The major players in wireless telephone service Verizon, Sprint Nextel, T-Mobile, and AT&T are itching for new business and are spending enormous amounts of money on marketing. Each has a stake not only in voice telephony but in delivering broadband wireless internet services. Their competitive quest for developing more attractive products to customers is never ending.

Soon the Federal Communications Commission (FCC) will be auctioning off additional spectrum which will provide wireless carriers new opportunities to increase their capacity and offerings. Observers of the industry agree that the impact of the new available spectrum will be formidable.

And, as always happens when the business environment changes, interventionists and free marketers clash. Playing their customary roles in July 2007, The New York Times is espousing the interventionist cause while The Wall Street Journal is arguing for free markets.

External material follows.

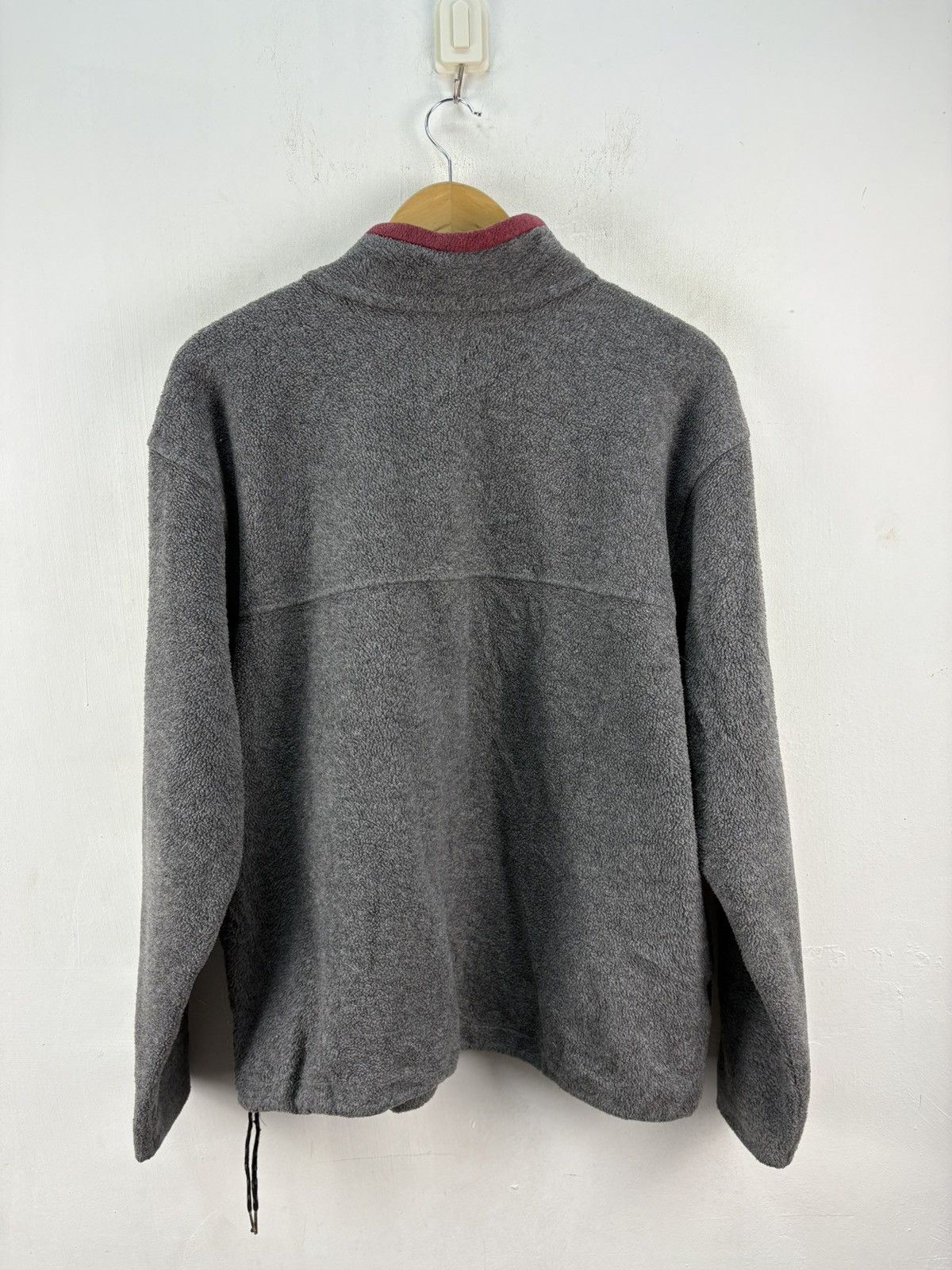 L.L. Bean Vintage LL Bean Pullover Half Zipper Sweater Jumper Size US L / EU 52-54 / 3 - 5 Thumbnail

Randall Stross, writing in The New York Times, takes a classic interventionist position. According to Stross wireless carriers are mischievous in that “they do anything they can to keep power in their own hands.” It is troublesome, according to Stross, that they insist on deciding which phones and equipment run on their networks and dictate which features of the hardware will operate. For example, if you buy the new Apple iPhone you can only use it on the AT&T network – not with other carriers.

Stross praises Representative Edward Markey of Massachusetts who is urging the FCC to force wireless carriers – that want to obtain a part of the new spectrum – to open up their networks to any equipment a customer may have. All wireless carriers should be compelled to work alike – allowing any phones or hardware to function. This means that the owner of the network – the carrier – will not have the authority to decide how it will be run.

Holman W. Jenkins, Jr. of The Wall Street Journal is battling for the free market approach. His position is that wireless carriers should be permitted to use their new capacity any way they see fit. He anticipates that wireless carriers will experiment with various business models – ways of using the new spectrum profitably – and customers will flock to those carriers that deliver the most attractive services. If the FCC straight-jackets wireless carriers into one government-mandated business model, the value of the new spectrum will be stunted and less money will be invested.

Jenkins asserts that lobbyists representing Google are working hard to push the interventionist agenda by reassuring Representative Markey and members of the FCC that wireless carriers should be compelled to work in lock-step. He points out that forbidding carriers from developing proprietary alternatives will make it easier for Google to extend its dominance from the wired world to the wireless internet. The problem for Jenkins is not that Google might prevail. It is that Google is using the government cudgel.

Is there some way for interventionists and free marketers to agree on the appropriate public policy for wireless carriers? Perhaps not. The two factions have incompatible views of the importance of dealing by mutual consent and the role of government.

To a free marketer mutual consent is a necessary condition for doing business. Should wireless carriers allow customers to use any equipment they want on the network? That decision ought to be in the hands of carriers and customers. One wireless service provider might calculate that it can attract more customers by having an open network. Another could insist that only its hardware can be used. Those carriers that have effective business models will prosper. In a free market neither the wireless carriers nor the customers are guaranteed to get exactly what they want. The possibility of failure is a consequence of free association.

To an interventionist dealing by mutual consent is acceptable but hardly essential. It is fine if the other person accommodates to your wishes, but voluntary action is expendable if you really want something and you do not get compliance. When someone buys an expensive cell phone and later changes carriers the new service provider may not allow him to use his phone. An interventionist believes that force is permissible whenever persuasion does not work. If you allow people to come to agreements uncoerced there is no assurance that your preferences will prevail.

To a free marketer the role of the government is to protect individual rights, including property rights. In the domain of wireless telephone service the owner of the network has the right to manage it. The government’s job is to discourage and stop the use of force or fraud. Exactly which technologies or business models happen to succeed or fail is outside the proper domain of government. It is not legitimate for a business to seek government favors.

To an interventionist the government is a tool for positive action – a first-line solution “to set things right.” When the winners and losers in a business are different from what interventionists prefer, they cry “market failure.” Then it is time for the government to swoop in. To interventionists Google’s lobbying efforts on its own behalf are entirely appropriate – especially since they masquerade as being done for “the common good.”

While interventionists and free marketers are bound to clash, there is a solution to the conflict. Interventionists might reconsider their assumptions and learn to appreciate that individual freedom precludes the initiation of force.